Every type of bacteria known contains the transcription factor NusG, which controls nearly all of a bacterium's gene expression. A specialized transcription factor called RfaH directs only a small portion of gene expression. This section turns out to be important, as RfaH turns on those genes that give bacteria like E. coli and Yersinia pestis  their ability to infect.
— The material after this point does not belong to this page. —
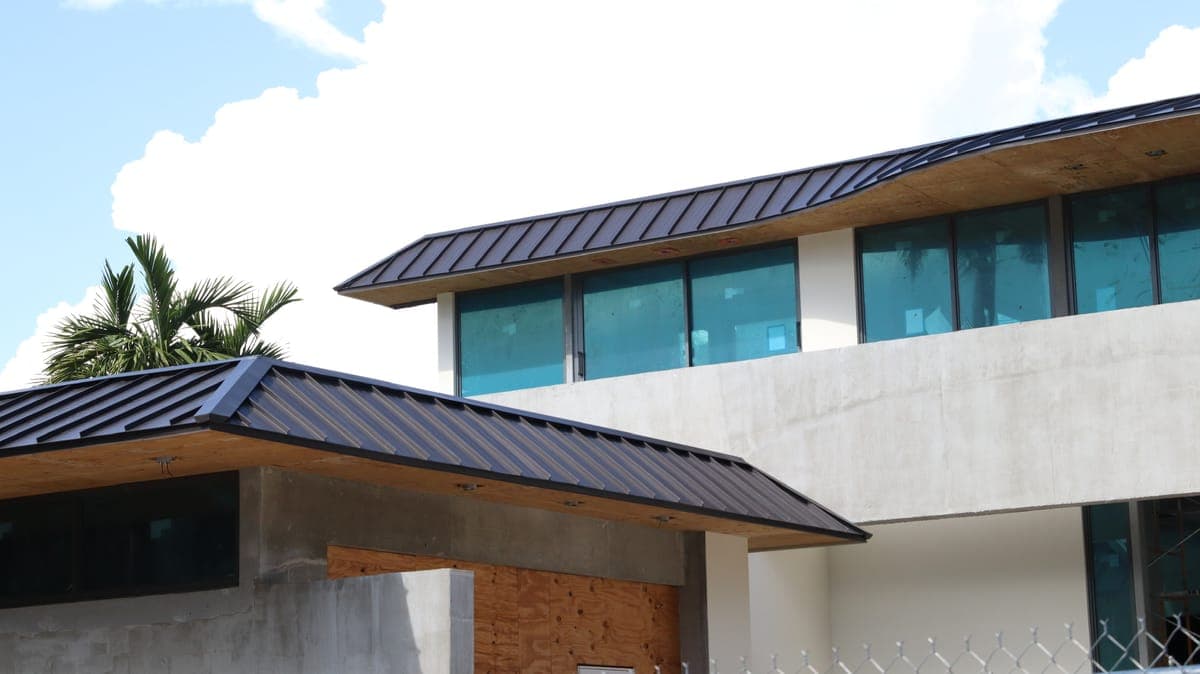 Contemporary home with a dark metal roof.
Researchers at Ohio State University used X-ray techniques to study and describe RfaH proteins extracted from E. coli. They found that while about two-thirds of RfaH's structure closely resembles the structure of NusG, the remaining one-third looked dramatically different. This latter third appears to be the portion of the protein responsible for controlling the genes that make E. coli infectious.

“In contrast to NusG, which is always active, RfaH is usually inactive because the part of the protein that is needed to activate gene expression is typically masked,” explains Vladimir Svetlov, co-author and a research associate in microbiology.

It's only when RfaH finds the appropriate target sequence on a bacterium's DNA that this small portion of the protein is unmasked and can then turn on a select group of genes during transcription. These genes let disease-causing bacteria infect their host while at the same time protect the bacteria from the host's immune defenses.

“Making RfaH work only at specific sites is, in a sense, a genius way to prevent it from interfering with NusG,” remarks Irina Artsimovitch, Ph.D., the study's lead author and an associate professor of microbiology. “It seems that the only genes that RfaH can't regulate are those controlled by NusG.”

The findings appear in the April 13 issue of the journal Molecular Cell.